You can then invoke the deep-research tool from any MCP-compatible agent using the following parameters:

  • query (string, required): The research query.
  • depth (number, optional, 1-5): Research depth (default: moderate).
  • breadth (number, optional, 1-5): Research breadth (default: moderate).
  • existingLearnings (string[], optional): Pre-existing research findings to guide research.

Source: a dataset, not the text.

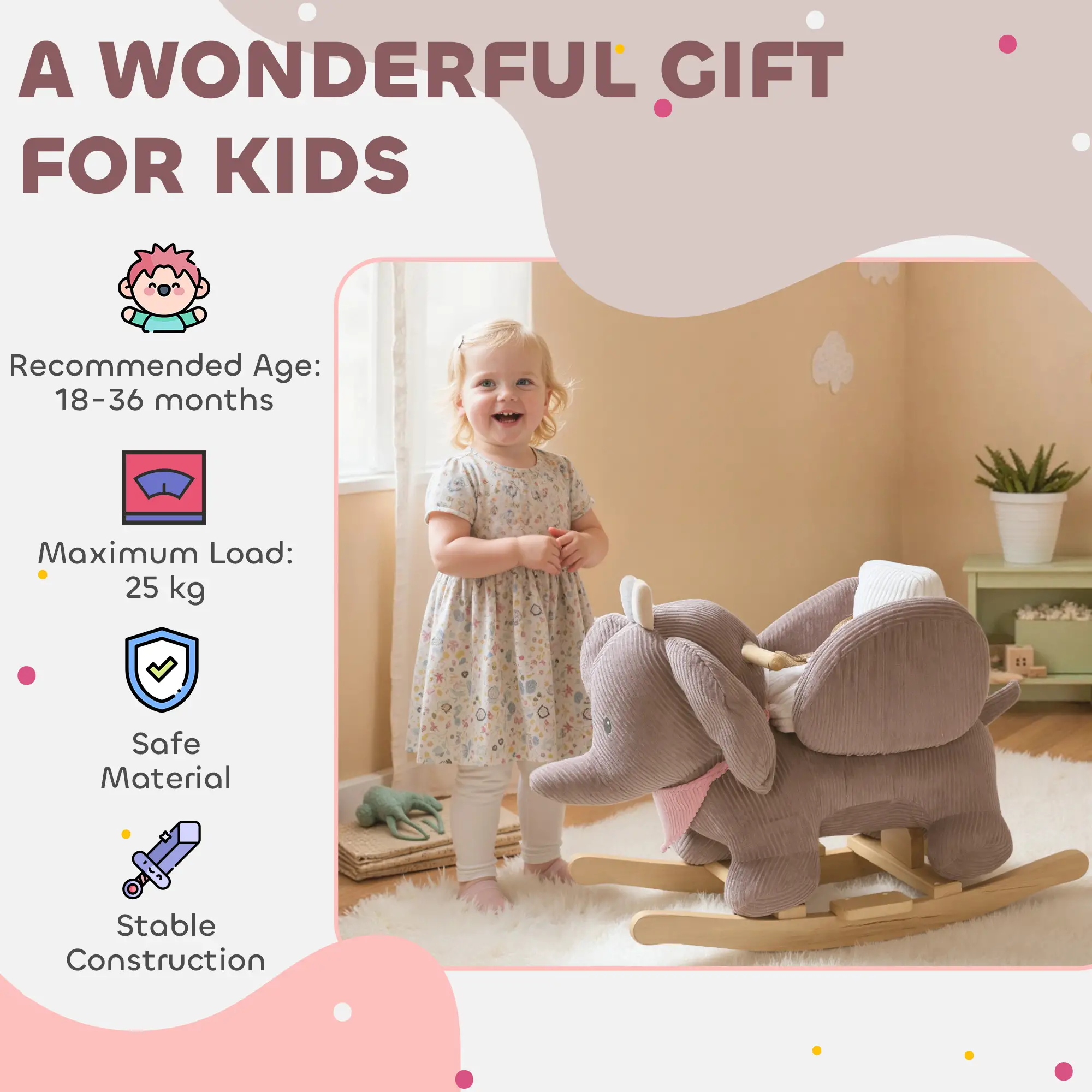 Kid's Plush Elephant Rocking Horse, Brown with Lullaby 3-Point Safety Belt, Solid Wood Base Steel Frame 55 lbs Capacity for 12+ Months 18-36 Months Toddlers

Example MCP Tool Invocation (TypeScript):

const mcp = new ModelContextProtocolClient(); // Assuming MCP client is initialized

async function invokeDeepResearchTool() {
  try {
    const result = await mcp.invoke("deep-research", {
      query: "Explain the principles of blockchain technology",
      depth: 2,
      breadth: 4
    });

    if (result.isError) {
      console.error("MCP Tool Error:", result.content[0].text);
    } else {
      console.log("Research Report:\n", result.content[0].text);
      console.log("Sources:\n", result.metadata.sources);
    }
  } catch (error) {
    console.error("MCP Invoke Error:", error);
  }
}

invokeDeepResearchTool();

Standalone CLI Usage

To run deep-research directly from the command line:

npm run start "your research query"

Example:

npm run start "what are latest developments in ai research agents"

MCP Inspector Testing

For interactive testing and debugging of the MCP server, use the MCP Inspector:

npx @modelcontextprotocol/inspector node --env-file .env.local dist/mcp-server.js

License

MIT License - Free and Open Source. Use it freely!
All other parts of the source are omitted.